Dans le scénario de risque, le DPB tient pour acquis que les taux directeurs au Canada et aux États-Unis (à 5,25 %) resteront élevés en 2023 et que les banques centrales commenceront à les abaisser au début de 2024. Ces taux devraient ensuite revenir à un niveau neutre au début de 2025.

« Le scénario à l’étude n’est qu’un des nombreux qui sont possibles. Nous insistons sur le fait que ce scénario ne constitue pas une prévision. Il ne montre qu’une des issues possibles à la situation. Le scénario de risque que nous présentons ne reflète pas de nouvelles données économiques publiées après le 30 septembre ni de mesures fiscales dont nos perspectives économiques et financières d’octobre n’auraient pas tenu compte », a soutenu M. Giroux dans le rapport.

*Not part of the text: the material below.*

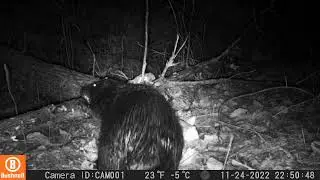 Beaver works on ash tree at Quonquont Farm in Whately, MA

Dans le scénario de risque du DPB, on suppose que le gouvernement n’adoptera ou ne prendra aucune nouvelle mesure en réponse au ralentissement économique.

Le mois dernier, la Banque du Canada a indiqué qu’elle prévoit que le taux d’inflation restera élevé, soit autour de 7 %, d’ici la fin de l’année, avant de diminuer à 3 % à la fin de 2023. Le retour à la cible de 2 % est prévu pour la fin de 2024. Ce sont des estimations légèrement plus optimistes que les précédentes, qui remontent au mois de juillet.

Le gouverneur de la Banque du Canada, Tiff Macklem, a déjà fait savoir qu’il devra augmenter à nouveau le taux directeur en décembre. En octobre, la Banque du Canada a annoncé une hausse du taux directeur de 50 points de base, la sixième depuis le début de l’année, faisant ainsi passer le taux directeur à 3,75 %, du jamais vu depuis 2008.

« Nous nous attendons aussi à ce que le taux directeur doive encore augmenter », avait alors signalé Tiff Macklem. Mais cela pourrait être l’avant-dernière.